INDEPENDENT NEWS

Election Bribe At Universities' Expense

Published: Fri 18 Jul 2008 02:44 PM
Election Bribe At Universities' Expense
The universal student allowance being contemplated by the Government would amount to "an unjustified election bribe", the Vice-Chancellor of The University of Auckland, Professor Stuart McCutcheon, said today.
He was commenting on speculation that such an allowance might be introduced at a cost of $728 million over four years.
"Given that there is only a certain amount of money to be spent on tertiary education, this would further impoverish universities at a time when Government support of students is already the most generous of any western country. At the same time Government continues to constrain university incomes by funding them at a level far below their rising costs and by capping tuition fee increases."
The low level of investment in New Zealand universities would inevitably harm the quality of the education they offer, said Professor McCutcheon.

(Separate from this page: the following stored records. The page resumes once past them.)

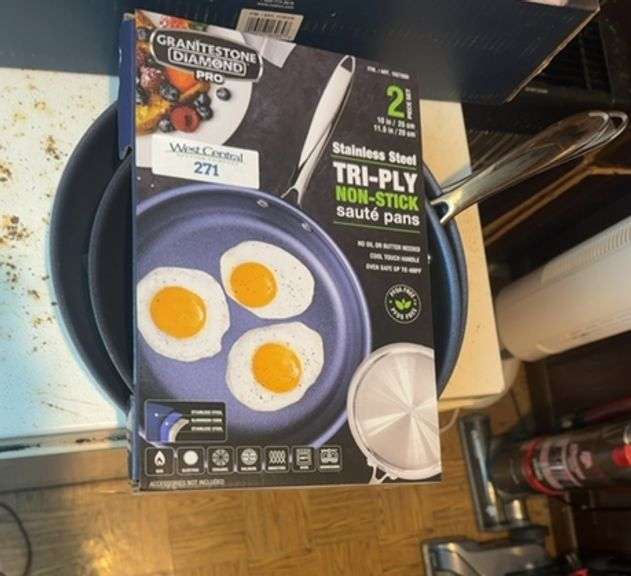 Granitestone Diamond Pro 2-Piece Stainless Steel Non-Stick Saute Pan Set image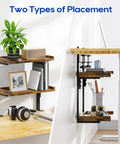 Dope Clamp On Desk Shelf Two Tier Wood Setup For Office Desk And Gaming Accessories 12.5 Inch Tabletop Book Storage Rack Top And Under Desk Organizer No Drill Brown Finish displayed on and under a desk.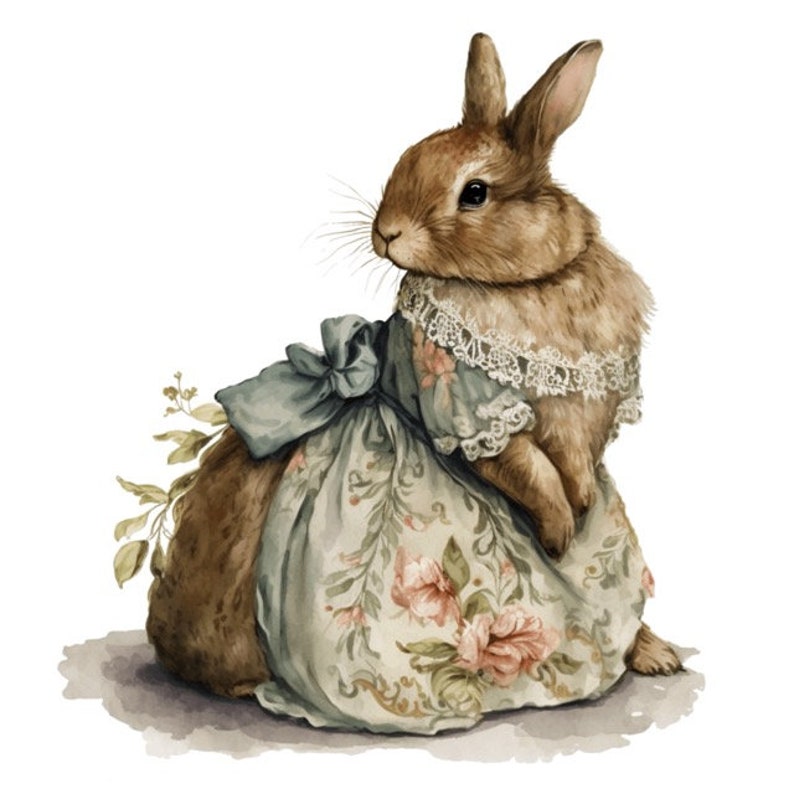 May include: A watercolor painting of a brown rabbit wearing a blue and white floral dress with a lace collar. The rabbit is sitting on a white background.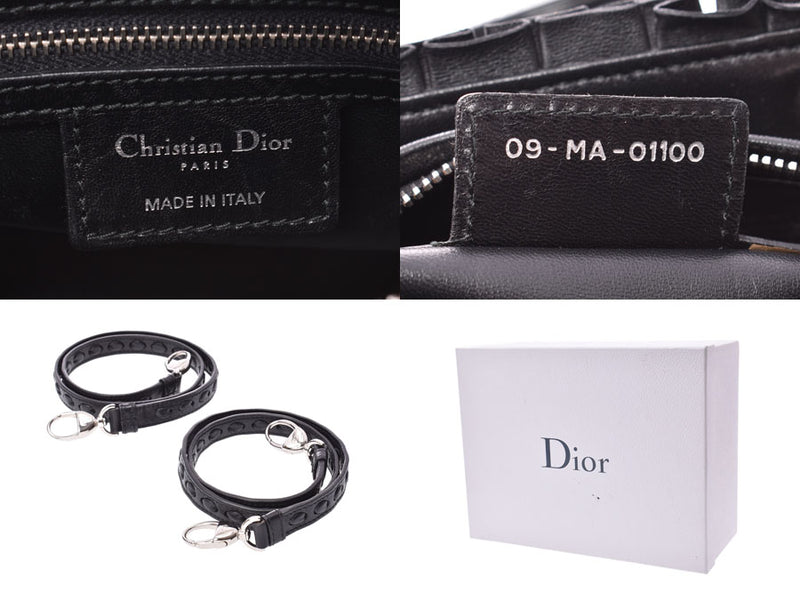 Dior Lady Dior黑色SV金属女士小牛皮2WAY手提袋AB Rank CHRISTIAN DIOR表带2魅力二手Ginzo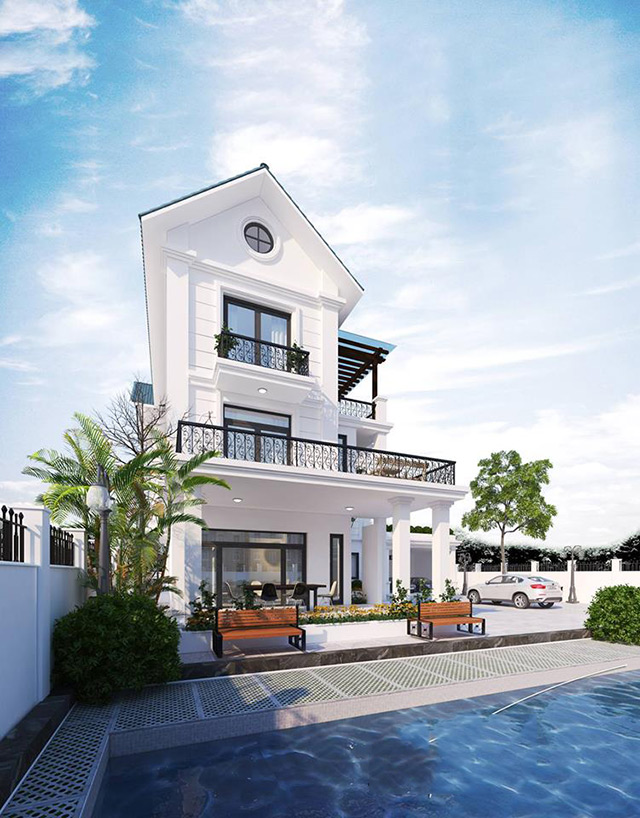 Thiết kế nội thất biệt thự 3 tầng 102m2 tại Hoài Đức, Hà Nội.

"Our universities will lose ground to those in Asia and in other countries where there has been massive investment in the tertiary sector, leading them to drop in world rankings. Already the academic salaries we can afford to pay staff are so inferior internationally - 40 percent below Australia - that we will continue to lose talented Kiwis as well as finding it hard to recruit staff from overseas."
Moreover, bright New Zealand students would be increasingly attracted to amply-funded Australian and Asian universities which were already wooing them with low fees and generous scholarships. "The University of Melbourne, for example, has double the amount per student to spend on teaching and research compared with The University of Auckland.
"Pouring money into student allowances simply to catch votes will deny New Zealanders the world-class university system which the country needs as universities' infrastructures are neglected.
"The government has put some funding into universities to help with salary costs but the amounts involved - typically $20 million a year - are trivial compared with the $182 million that the universal student allowance would cost annually. And it does not address the investment needed to bring facilities up to international standards - something in the order of $5 billion across the university sector."
The cost of such politically-driven expediency was incalculable, said Professor McCutcheon, not simply to the students but to New Zealand's economic and social development which university research underpins.
"There is no logic in providing students with cheap access to a university system that is declining in quality. I call on all political parties to join a sustained and rational debate on the policies needed to develop a quality tertiary sector."